=== Begin Enclosure ===
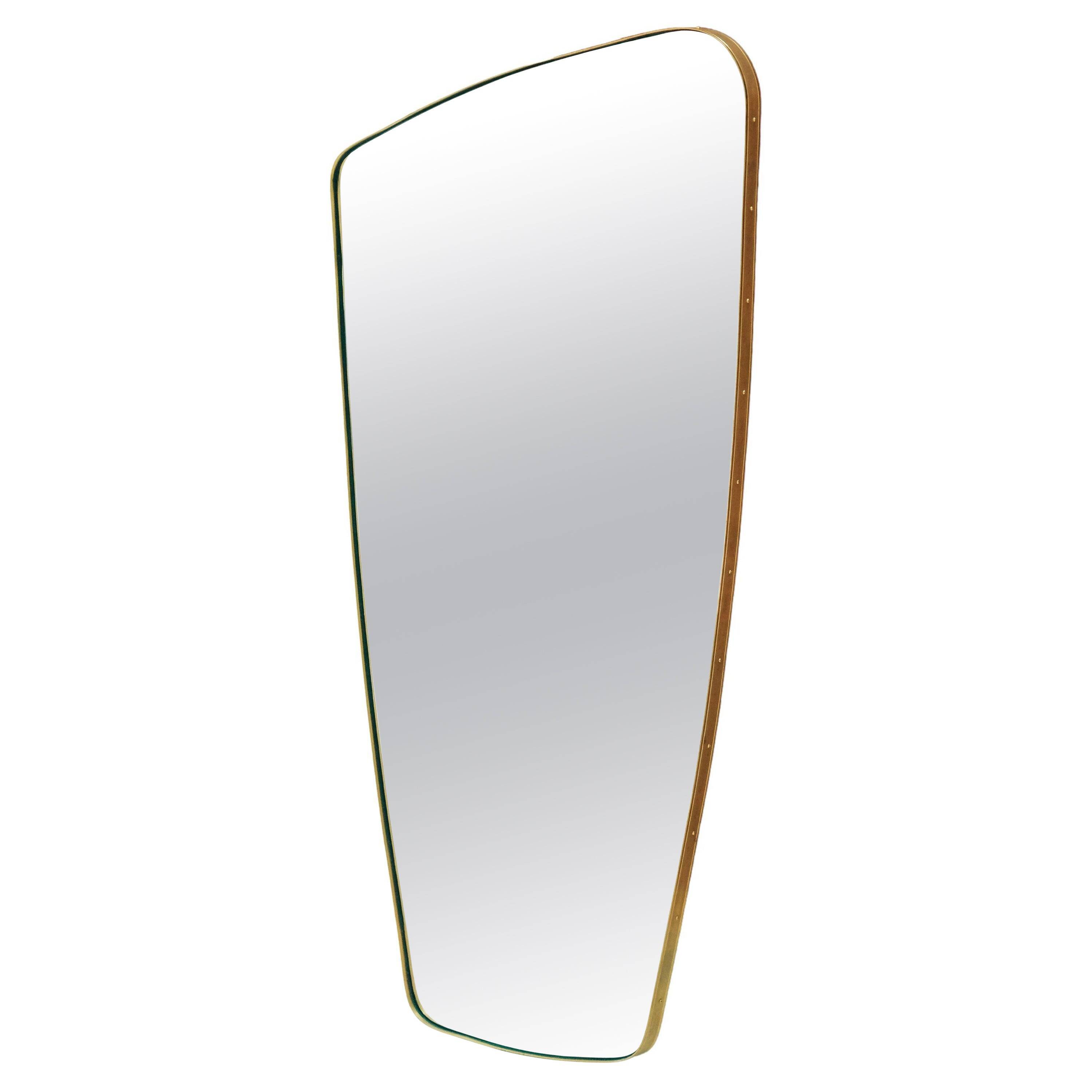 Mid-Century Irregular Shape Mirror with Hammered Brass Frame
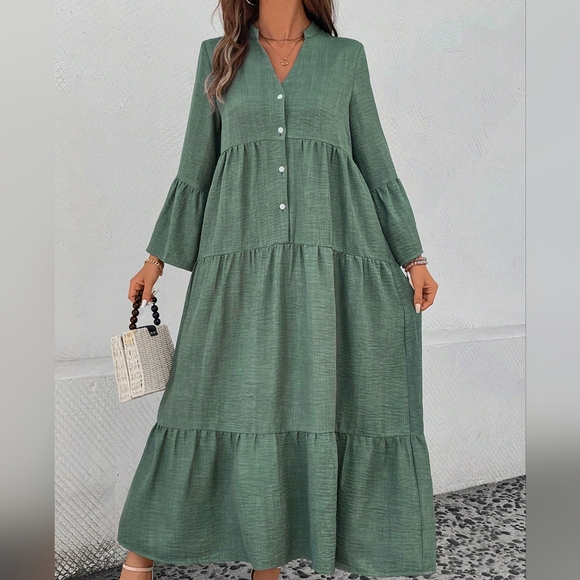 Women's Notched Neck Single-Breasted Long Sleeve Casual Dress - Picture 3 of 5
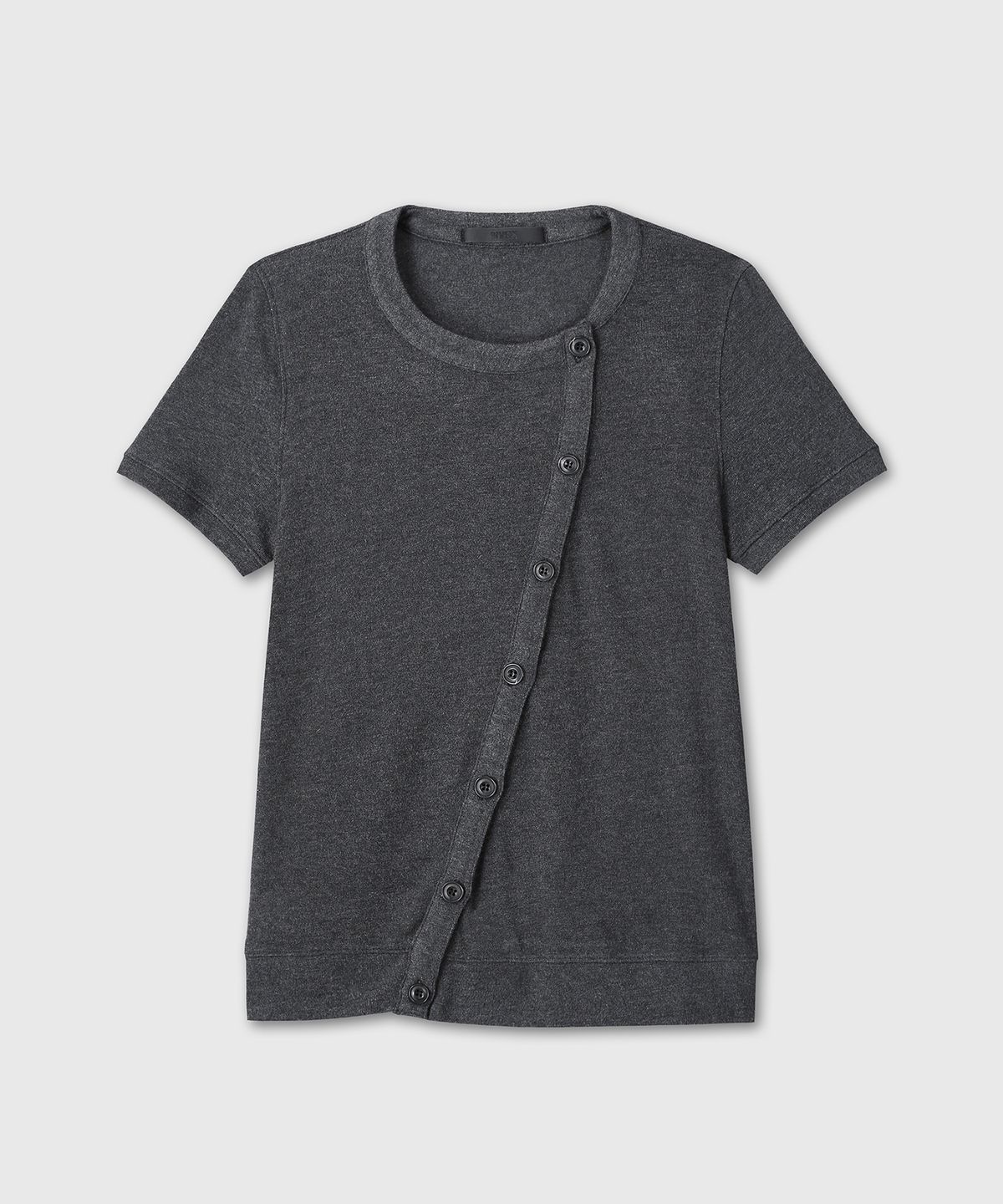 다이브인 우먼(DIVEIN WOMEN) ASYMMETRY COTTON CARDIGAN (CHARCOAL)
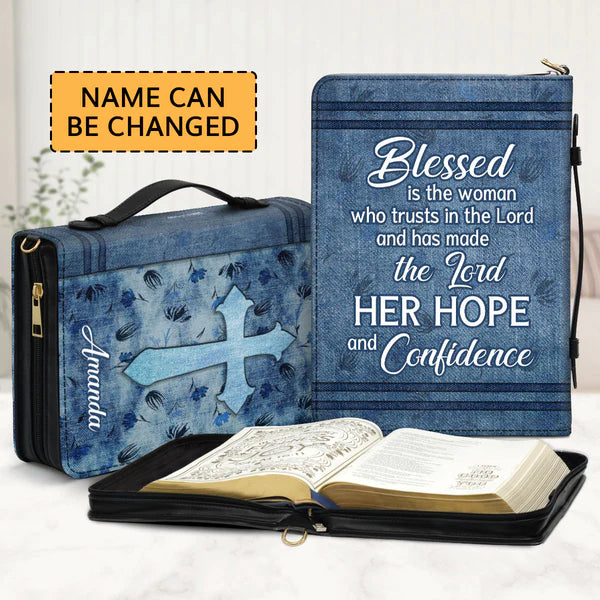 Christianartbag Bible Cover, The Lord Her Hope And Confidence Cross Bible Cover, Personalized Bible Cover, Gifts For Women, Christmas Gift, CABBBCV06030823. - Christian Art Bag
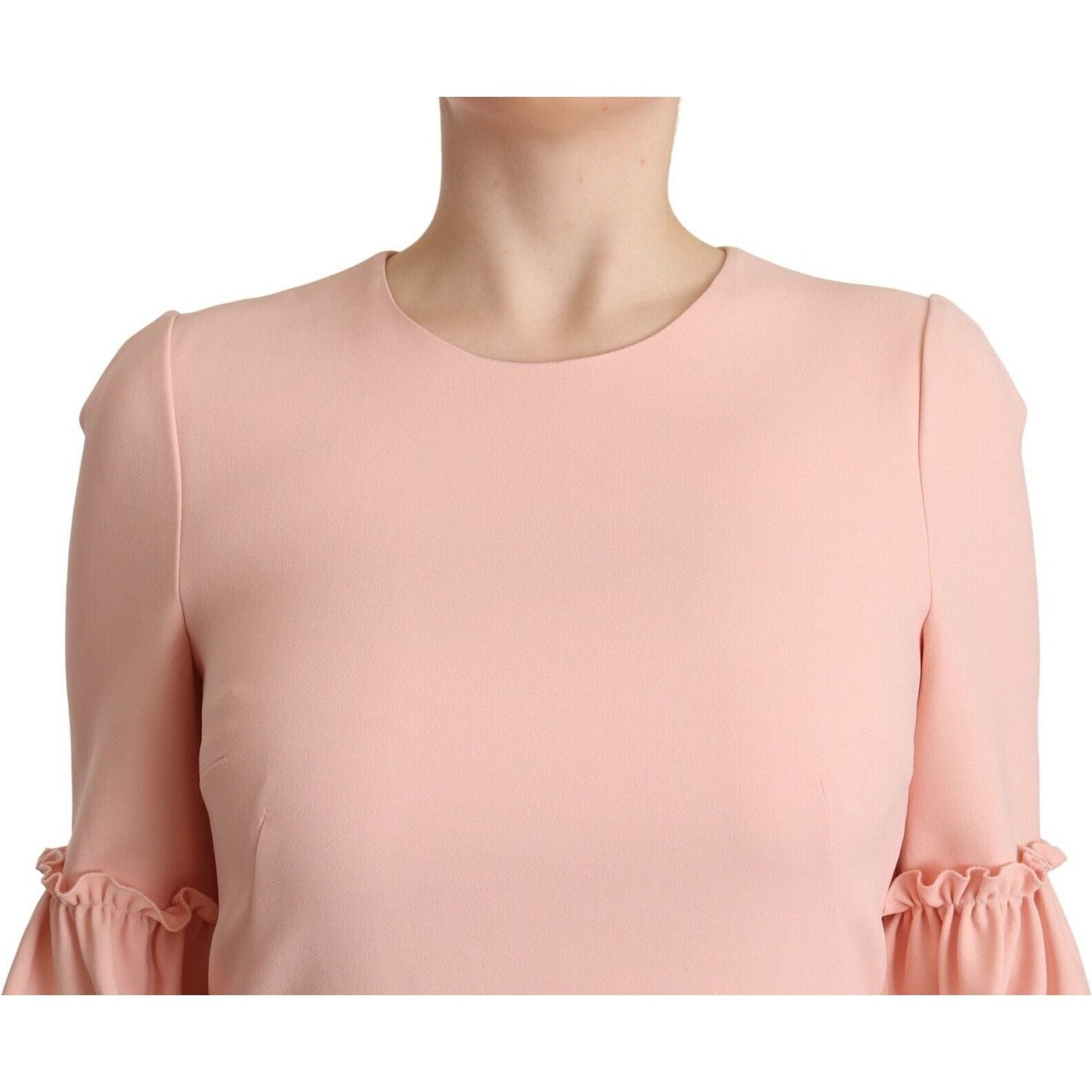 Dolce & Gabbana Pink Ruffled Sleeves Viscose Sheath Dress DR28263 - 44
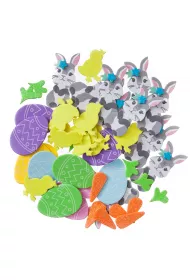 dpCraft Naklejki z pianki - kr�liczki, kurczaczki, pisanki i marchewki 48 szt.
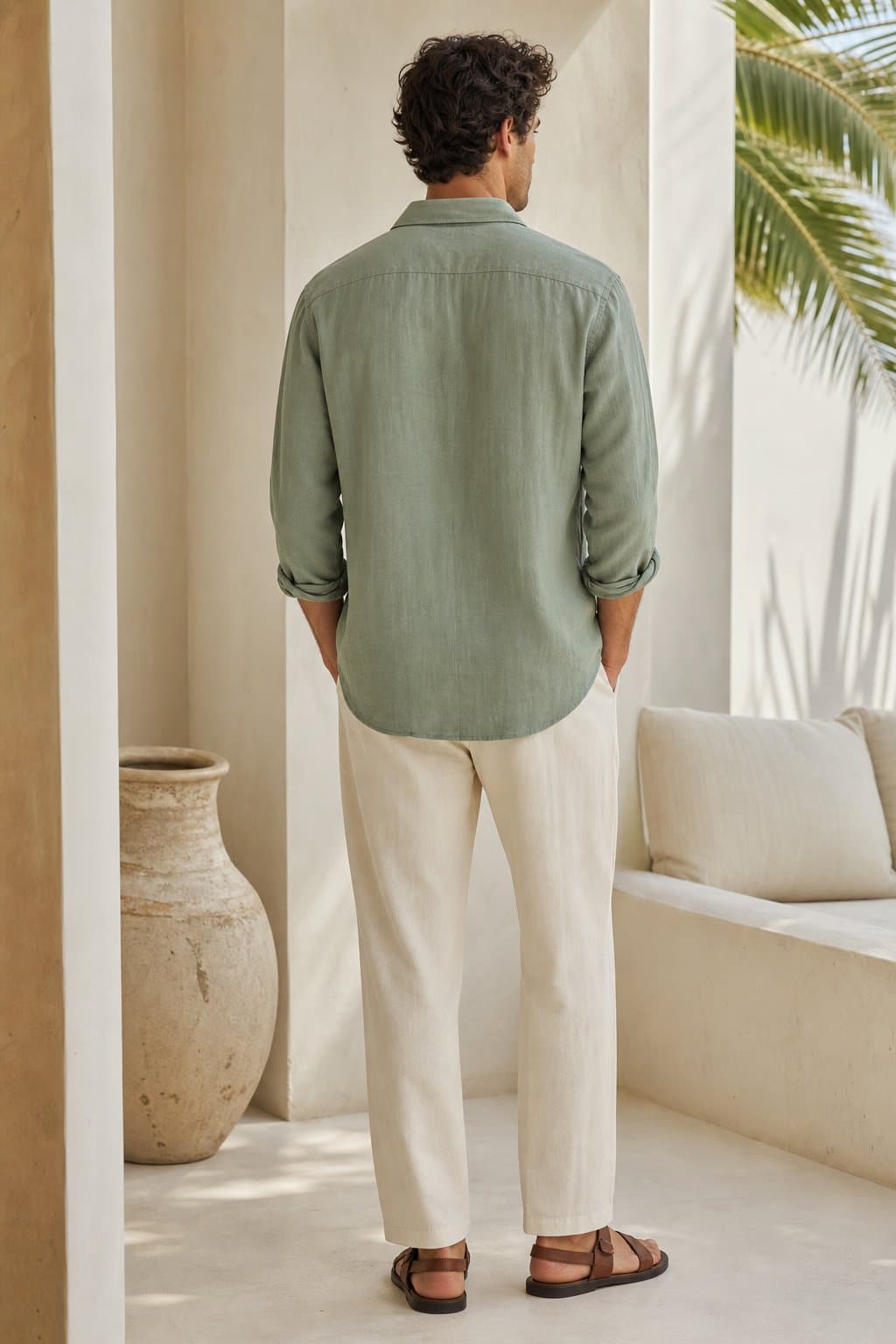 Sage Resort Linen Shirt — view 2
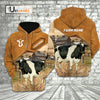 Uni Holstein Cattle Personalized Name Farming Life 3D Hoodie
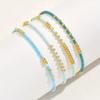 4 PCS Turquoise Color Seedbeads Stretch Bracelet Set Bohemia Gold Color Glassbeads Elastic Handmade Girls Vacation Jewelry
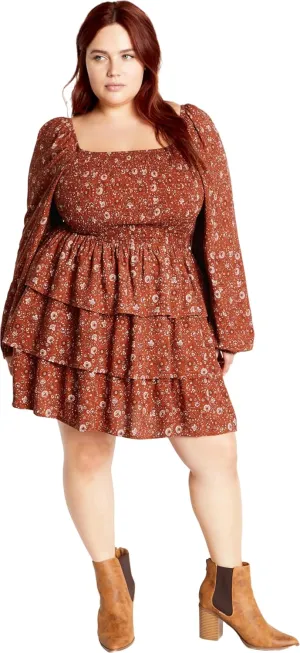 City Chic Plus Size Dress, Dahlia Mini Print Dress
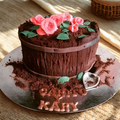 Torta Chocolate con Rosas Decorativas
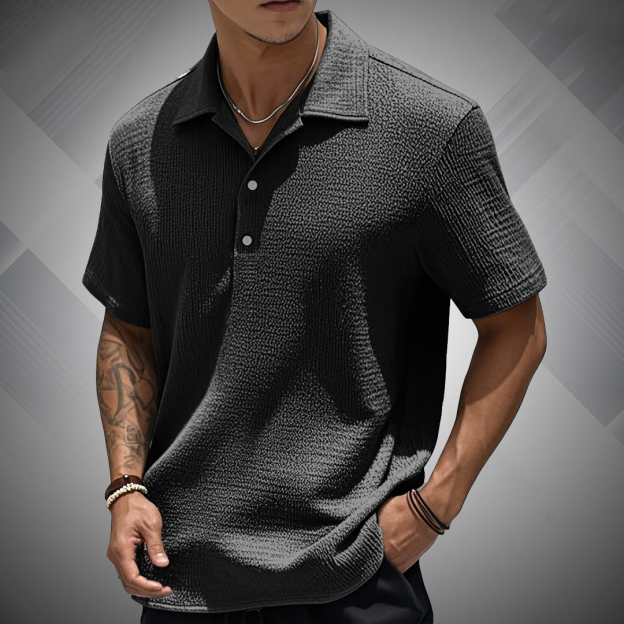 ?Men's Fashion Retro Pleated Fabric Short-sleeved Polo Shirt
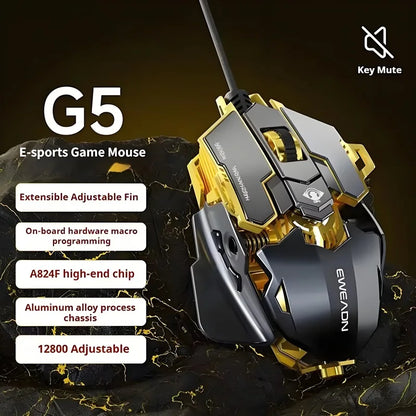 Rato Gaming com Fio Mecânico E-sports G5 RGB, 9 Botões, Programação Macro, Silencioso, 12800 DPI, para Computador de Secretária e Portátil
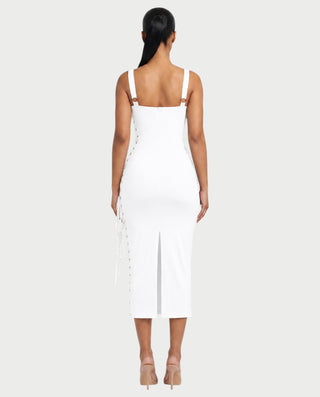 ARMALIA Ruched Lace-Up Side Bodycon Midi Dress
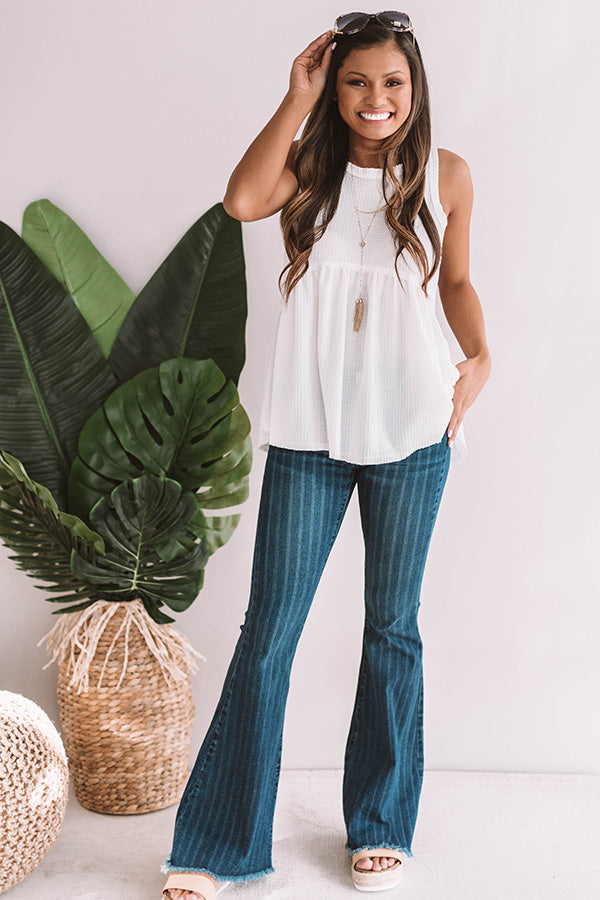 Seaside Breeze Waffle Knit Babydoll Tank Image - 2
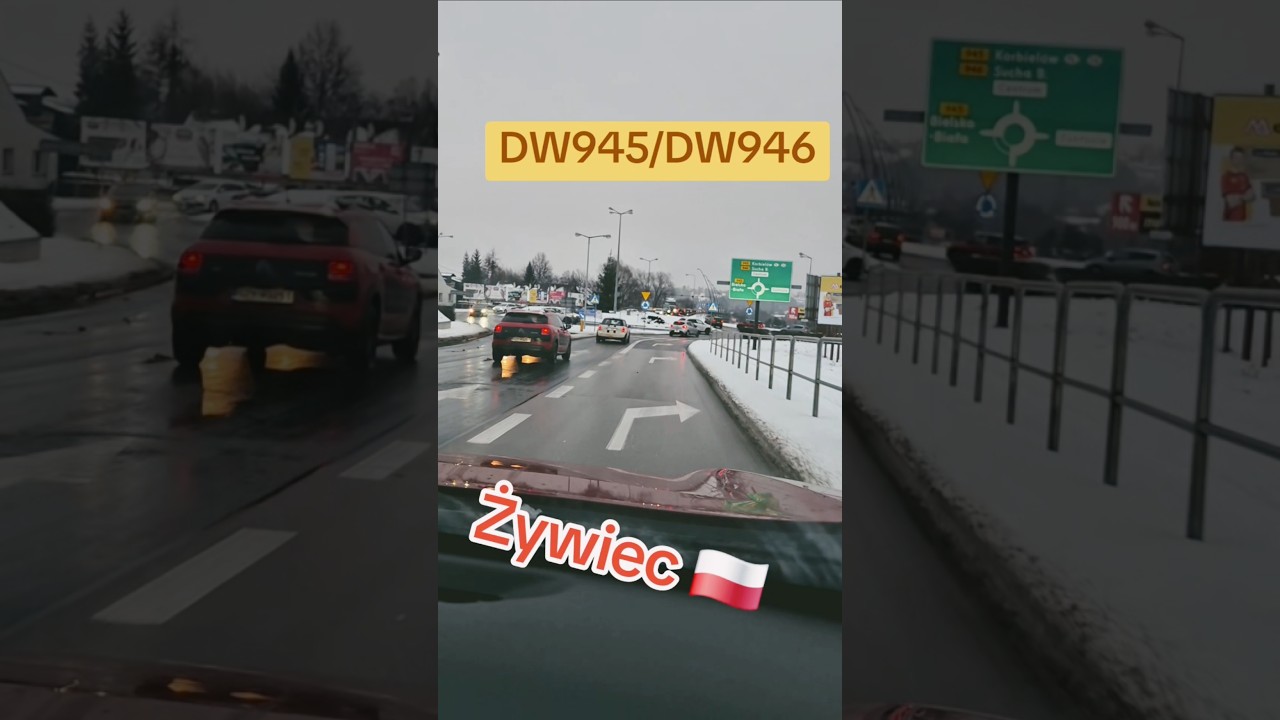 1646. Żywiec Roundabout part283 #january2026 #polska #rp #automobile #travel #holiday #turismo #snow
=== End Enclosure ===
Print everything from the line with "4 PCS Turquoise" down to the line with "ARMALIA Ruched Lace-Up" in the entries above, both lines included and nothing more, without the pictures.

* [SOLUTION TO THIS EXERCISE]
 4 PCS Turquoise Color Seedbeads Stretch Bracelet Set Bohemia Gold Color Glassbeads Elastic Handmade Girls Vacation Jewelry
 City Chic Plus Size Dress, Dahlia Mini Print Dress
 Torta Chocolate con Rosas Decorativas
 ?Men's Fashion Retro Pleated Fabric Short-sleeved Polo Shirt
 Rato Gaming com Fio Mecânico E-sports G5 RGB, 9 Botões, Programação Macro, Silencioso, 12800 DPI, para Computador de Secretária e Portátil
 ARMALIA Ruched Lace-Up Side Bodycon Midi Dress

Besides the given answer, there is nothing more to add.